You'll enjoy Sorrento, the Amalfi coastline, Capri. Having family there to show you around will be priceless!

Jim


----------



## Rose Pink (Jun 4, 2012)

Thank you, everyone.  So many choices!  So little time (and money and energy and stamina  ). 

The main event will just be seeing my family, especially my granddaugher.  I miss that little girl.  We skyped with my son and DGD a week or so ago.  She told me that she was in Italy and her things were in Italy and aske if I was coming to Italy today?  

I am aware of the X-rated Pompeii stuff. Some of it was displayed in the exhibit we saw in Boston.  I don't feel the need to see more of it.  I do want to see the city, though.  Get a feel for the size of it and so on.

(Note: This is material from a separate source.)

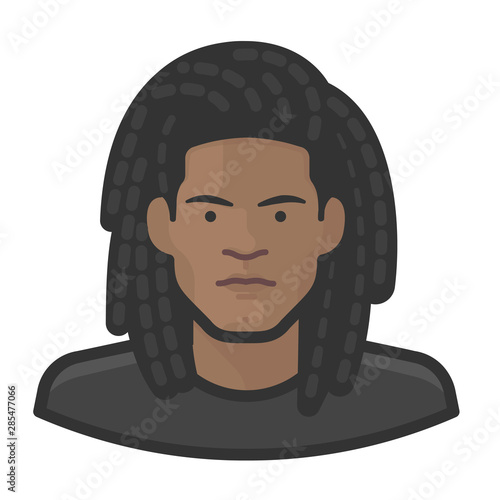black dreadlock male tee shirt avatar icon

I am looking forward to this trip.  DH managed to snag first class tix with his FF miles.  We will have to overnight at DeGaulle airport or nearby.  I should check out if there is anything to do for the brief time we are there.


----------



## lvhmbh (Jun 5, 2012)

I was told that, if you only had a chance to go to one, you should go to Herculaneum rather than Pompeii.  Sounds to me like you'll have time for both!  Lucky you!  Capri, Amalfi coast - train to Rome and maybe an overnight if you have time. Sorrento, etc.


----------



## Margariet (Jun 5, 2012)

Rose Pink said:


> Thank you, everyone.  So many choices!  So little time (and money and energy and stamina  ).
> 
> The main event will just be seeing my family, especially my granddaugher.  I miss that little girl.  We skyped with my son and DGD a week or so ago.  She told me that she was in Italy and her things were in Italy and aske if I was coming to Italy today?
> 
> ...



Enjoy the main event: your granddaughter! That means eating gelati which was my favorite pastime in Italy with my grandmother when I was a child!


----------



## Rose Pink (Jun 5, 2012)

Margariet said:


> Enjoy the main event: your granddaughter! That means eating gelati which was my favorite pastime in Italy with my grandmother when I was a child!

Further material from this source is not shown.